Kilkeel horse sales

On market days and fair days our little streets were crowded with farm horses and carts. In the big stable yards behind the public houses the dealers sold their animals to the country men. We were much more interested …

in the horse sales than in the dealing that went on in cattle, sheep and pigs on display along the sides of the street. The hand-slapping, the offers, the walking away and the arguments in the stable yards were fiercer than elsewhere.

I never knew why buyers opened horses’ mouths and looked in while the dealing went on.

Between fairs we were always interested in the work of two clever horse trainers, or breakers, who trained young animals for saddle, cart or plough. One was my great favourite. A small, tight man, just like a jockey, he was always neatly dressed in check cap and jacket, riding breeches, gleaming leggings and boots. When breaking in young animals he walked along the side of the street, the nervous animals prancing and side-stepping at the ends of long reins.

He was happy to meet groups of people or a chugging car or noisy motor bike. It was good training for his young horse if during his progress up the brae to the upper square, he met the big steam engine puffing and crunching into town with its load of bricks and timber.

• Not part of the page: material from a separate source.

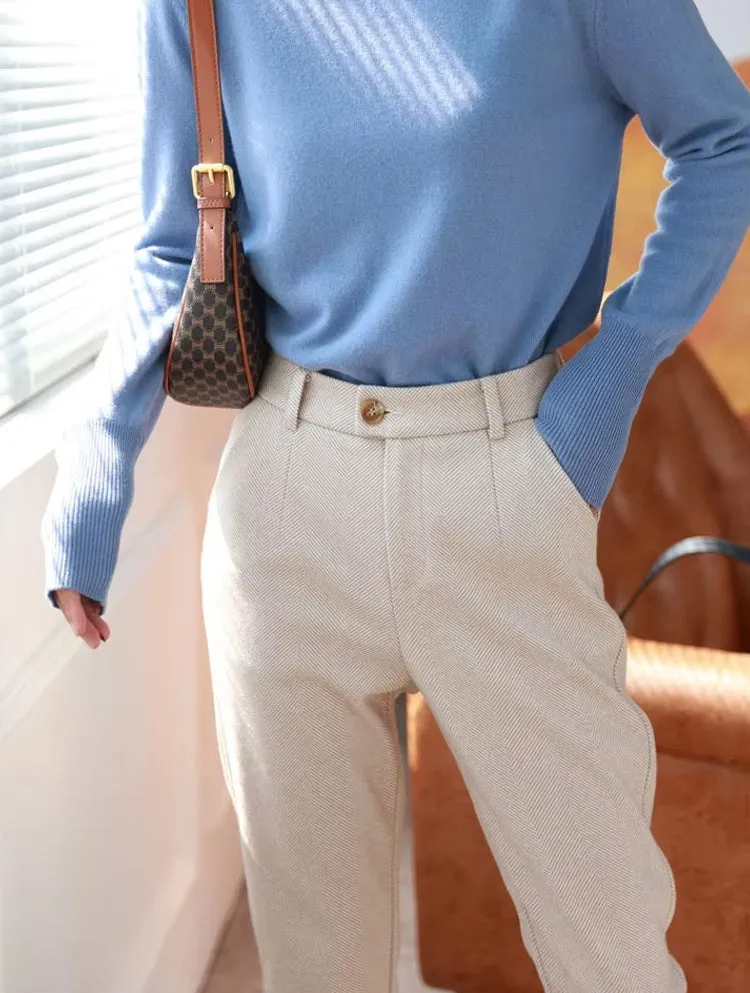 Women Harem Pencil Woolen Pants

After the fairs unsold horses were roped together and driven off on the long journey to farms or another fair. Purchased cattle were herded along the coast roads to the Greencastle paddle steamer or to the railway station fourteen miles away. The drovers with their strange accents were well-known to all. They spent their lives walking the roads all over the country and were reputed to be tireless.

 

……… “keep the ‘hate’ in ye” ……….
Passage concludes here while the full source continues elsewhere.